Accurate detection of animal species in meat products is essential for food safety, regulatory compliance, and the prevention of food fraud. This study presents the development and validation of a modified quadruplex quantitative PCR (qPCR) assay and singleplex droplet digital PCR (ddPCR) for the detection and quantification of canine DNA in meat and DNA mixtures. Two- and three-species samples containing canine, pork, and chicken components (0.1 %–100 %) were prepared, including heat-treated variants.
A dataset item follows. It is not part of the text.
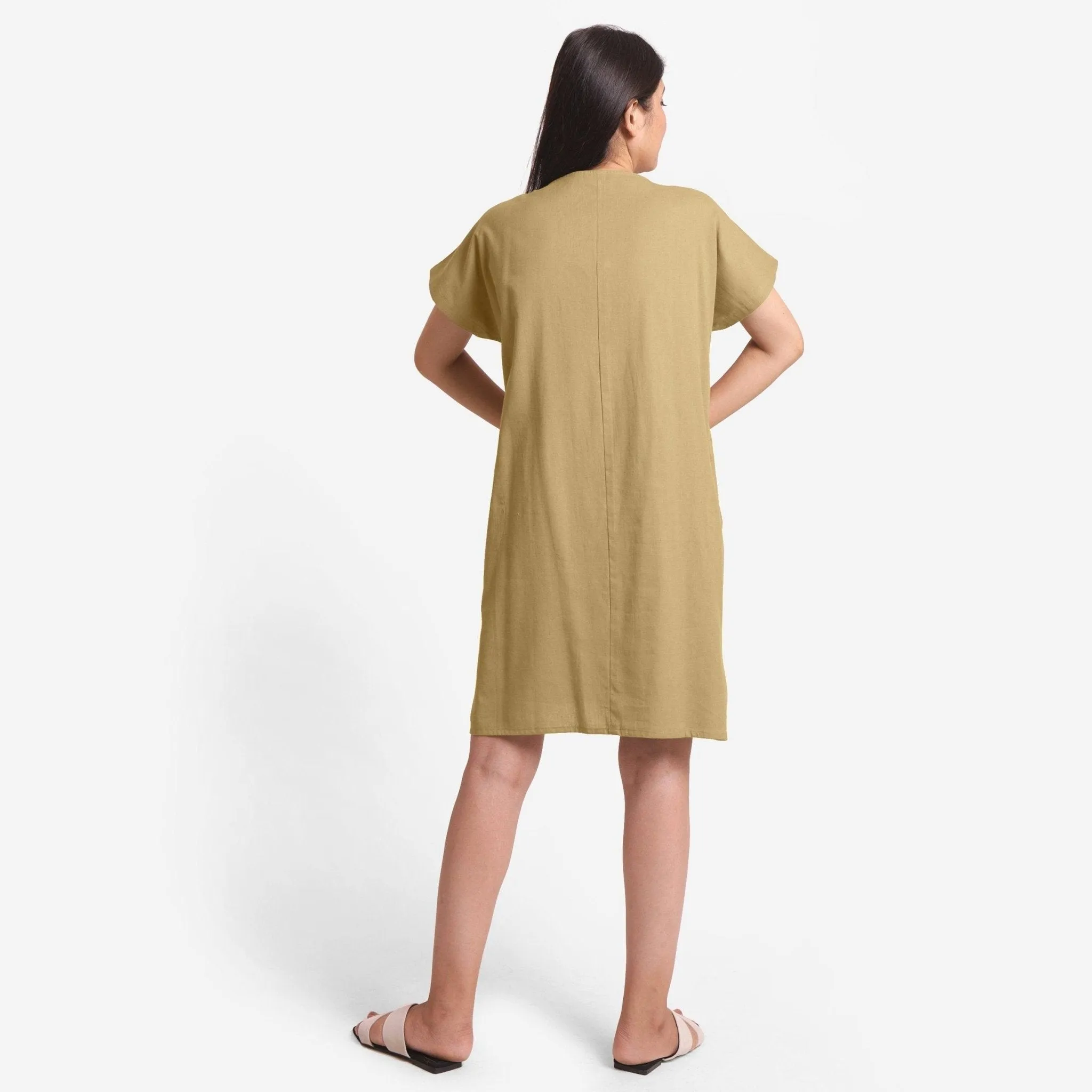 Light Khaki Cotton Flax V-Neck Short Shift Tunic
A simplified quantification approach using a single 100 % DNA reference diluted to 10 ng/µL was applied in both methods. Results from qPCR and ddPCR were statistically evaluated using ANOVA, RMSD, and coefficient of variation (CV). Both methods yielded accurate results across most concentration ranges, with no significant differences in calculated percentages. However, qPCR exhibited significantly higher variability than ddPCR, especially at extreme concentrations (<1 % and >99 %). ddPCR showed superior performance in three-species mixtures and yielded lower RMSD values overall. Despite higher variability at detection limits inherent to PCR technology, both methods are suitable for routine quantification of canine DNA in meat products. The study confirms that a single-reference standard is a cost-effective and reliable alternative to full calibration curves for species quantification.